LeetCode 990. Satisfiability of Equality Equations

原题链接在这里：https://leetcode.com/problems/satisfiability-of-equality-equations/

题目：

Given an array equations of strings that represent relationships between variables, each string equations[i] has length 4 and takes one of two different forms: "a==b" or "a!=b".  Here, a and b are lowercase letters (not necessarily different) that represent one-letter variable names.

Return true if and only if it is possible to assign integers to variable names so as to satisfy all the given equations.

Example 1:

Input: ["a==b","b!=a"]
Output: false
Explanation: If we assign say, a = 1 and b = 1, then the first equation is satisfied, but not the second.  There is no way to assign the variables to satisfy both equations.

Example 2:

Input: ["b==a","a==b"]
Output: true
Explanation: We could assign a = 1 and b = 1 to satisfy both equations.

Example 3:

Input: ["a==b","b==c","a==c"]
Output: true

Example 4:

Input: ["a==b","b!=c","c==a"]
Output: false

Example 5:

Input: ["c==c","b==d","x!=z"]
Output: true

Note:

1. 1 <= equations.length <= 500
2. equations[i].length == 4
3. equations[i][0] and equations[i][3] are lowercase letters
4. equations[i][1] is either '=' or '!'
5. equations[i][2] is '='

题解：

First, go through equations, union all with "==".

Then, go through equations again, if a!=b, but a and b are in the same union, then return false.

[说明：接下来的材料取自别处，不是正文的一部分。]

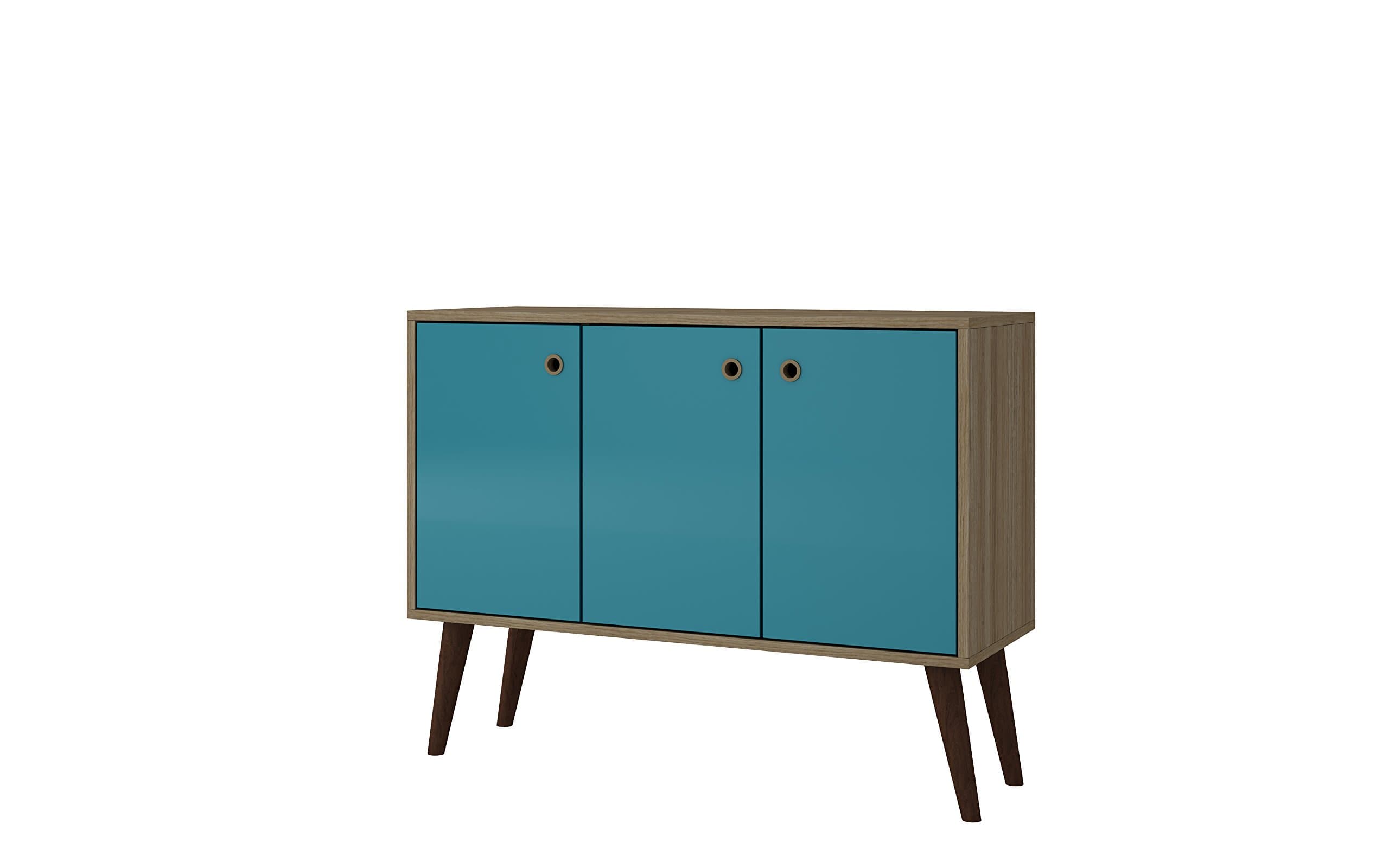 ModHaus Living Mid Century Modern Sideboard TV Stand with e Shelves 2 Doors and Solid Wood Splayed Legs - Includes Pen (Oak and Aqua)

Time Complexity: O(nlogk). n = equations.length. k is number distinct character. Since k is single lower case, thus k <= 26.

Space: O(k).

AC Java:

 class Solution {
     HashMap<Character, Character> parent;

     public boolean equationsPossible(String[] equations) {
         if(equations == null || equations.length == 0){
             return true;
         }

         parent = new HashMap<>();
         for(String s : equations){
             if(s.substring(1,3).equals("==")){
                 union(s.charAt(0), s.charAt(3));
             }
         }

         for(String s : equations){
             if(s.substring(1,3).equals("!=") && find(s.charAt(0))==find(s.charAt(3))){
                 return false;
             }
         }

         return true;
     }

     private void union(char i, char j){
         char p = find(i);
         char q = find(j);
         if(p != q){
             parent.put(p, q);
         }
     }

     private char find(char c){
         parent.putIfAbsent(c, c);
         if(parent.get(c) != c){
             char ancestor = find(parent.get(c));
             parent.put(c, ancestor);
         }

         return parent.get(c);
     }
 }